When hurricane Harvey came through here in 2017 it brought hundreds of tornadoes that did the damage, along with downed trees on houses. We did get a little damage on the roof and leaks in some spots in the house because of it, but were extremely blessed to not be hit by a tornado. So that is the decision you must make tornado possible or not. We stayed at a son’s house in Austin and there were 70 mph winds that far in but no real damage.No tornadoes more that 50 miles from landfall. As far as I remember.
August 4th, 2024 at 8:11 AM
Geez, if you have a 40K deductible, seems to me that just putting 2000/month into an interest bearing or money market account will in short order give you the 40 K on hand to cover any eventuality. Why pay the insurance Co., self insure but be rigorous about the savings, has to be kept up. Once you reach a 40K kitty you can reduce the monthly set aside to something less onerous but keep doing it.
Even in retirement I make sure that some amount goes into my contingency fund be it far more modest than when I was working.
August 4th, 2024 at 9:16 AM
Insurance is crazy everywhere!
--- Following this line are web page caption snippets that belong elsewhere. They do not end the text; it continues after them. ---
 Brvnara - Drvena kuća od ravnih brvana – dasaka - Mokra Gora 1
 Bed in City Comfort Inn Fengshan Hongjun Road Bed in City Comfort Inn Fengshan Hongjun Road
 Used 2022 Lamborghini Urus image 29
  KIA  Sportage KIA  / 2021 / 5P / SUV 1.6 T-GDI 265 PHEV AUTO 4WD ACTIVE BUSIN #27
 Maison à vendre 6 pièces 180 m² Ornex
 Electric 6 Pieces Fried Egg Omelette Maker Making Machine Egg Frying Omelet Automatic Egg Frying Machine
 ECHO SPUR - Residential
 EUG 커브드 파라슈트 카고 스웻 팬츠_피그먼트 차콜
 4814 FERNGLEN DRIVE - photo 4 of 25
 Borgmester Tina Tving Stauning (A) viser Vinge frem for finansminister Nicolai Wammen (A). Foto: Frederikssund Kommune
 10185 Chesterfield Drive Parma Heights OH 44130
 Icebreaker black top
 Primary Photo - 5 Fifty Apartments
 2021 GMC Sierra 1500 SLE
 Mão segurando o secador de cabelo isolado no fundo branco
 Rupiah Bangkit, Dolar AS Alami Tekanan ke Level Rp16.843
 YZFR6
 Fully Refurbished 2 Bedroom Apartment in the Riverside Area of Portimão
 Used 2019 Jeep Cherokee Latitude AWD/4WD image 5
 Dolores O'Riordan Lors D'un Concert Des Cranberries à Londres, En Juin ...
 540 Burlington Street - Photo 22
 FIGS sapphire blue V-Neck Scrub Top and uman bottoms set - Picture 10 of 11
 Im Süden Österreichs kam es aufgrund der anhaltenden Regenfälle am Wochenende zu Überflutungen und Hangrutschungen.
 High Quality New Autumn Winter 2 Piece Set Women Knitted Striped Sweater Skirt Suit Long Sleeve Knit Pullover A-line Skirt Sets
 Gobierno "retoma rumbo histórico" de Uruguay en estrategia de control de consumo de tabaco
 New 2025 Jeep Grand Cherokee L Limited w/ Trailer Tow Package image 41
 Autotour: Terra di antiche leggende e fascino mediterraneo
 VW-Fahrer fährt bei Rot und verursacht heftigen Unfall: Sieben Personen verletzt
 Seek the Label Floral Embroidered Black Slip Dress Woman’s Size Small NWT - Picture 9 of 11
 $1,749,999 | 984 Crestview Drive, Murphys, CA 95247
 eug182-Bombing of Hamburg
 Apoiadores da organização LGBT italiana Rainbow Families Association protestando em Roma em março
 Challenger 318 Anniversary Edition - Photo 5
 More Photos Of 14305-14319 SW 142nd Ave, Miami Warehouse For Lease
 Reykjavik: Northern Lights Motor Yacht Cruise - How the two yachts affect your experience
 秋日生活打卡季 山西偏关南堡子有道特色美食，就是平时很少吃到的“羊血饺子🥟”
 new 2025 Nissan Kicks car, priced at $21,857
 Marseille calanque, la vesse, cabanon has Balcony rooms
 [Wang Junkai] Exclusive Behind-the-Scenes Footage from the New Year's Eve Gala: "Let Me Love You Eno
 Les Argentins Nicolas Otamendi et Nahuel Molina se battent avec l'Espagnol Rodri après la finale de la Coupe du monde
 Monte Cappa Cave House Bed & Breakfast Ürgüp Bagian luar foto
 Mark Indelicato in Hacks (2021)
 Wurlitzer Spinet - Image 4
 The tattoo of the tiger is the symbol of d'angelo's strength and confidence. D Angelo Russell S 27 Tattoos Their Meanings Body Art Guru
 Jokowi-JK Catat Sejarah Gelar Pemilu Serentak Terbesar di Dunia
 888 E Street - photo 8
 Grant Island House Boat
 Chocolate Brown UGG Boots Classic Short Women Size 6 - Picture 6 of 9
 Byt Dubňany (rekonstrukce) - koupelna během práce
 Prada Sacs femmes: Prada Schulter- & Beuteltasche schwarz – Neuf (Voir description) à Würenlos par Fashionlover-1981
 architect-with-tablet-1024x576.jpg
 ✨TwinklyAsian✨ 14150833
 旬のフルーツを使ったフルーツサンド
What if your house burns because of something wind related? Will they refuse to pay because it started with wind?
August 4th, 2024 at 11:26 AM
Terrapod: I want to be sure we’re on the same page. Let’s assume I have a claim. If I pay the premium, I end up paying the deductible plus the premium, and after that, the insurance company is on the hook. If I don’t pay the premium, I’m on the hook for everything but the premium. If my claim is below the deductible, I come out ahead, saving the price of the premium. If my claim is above the deductible, I could lose.
Bob: I never thought to ask that, but I would assume fire is fire regardless of how it starts.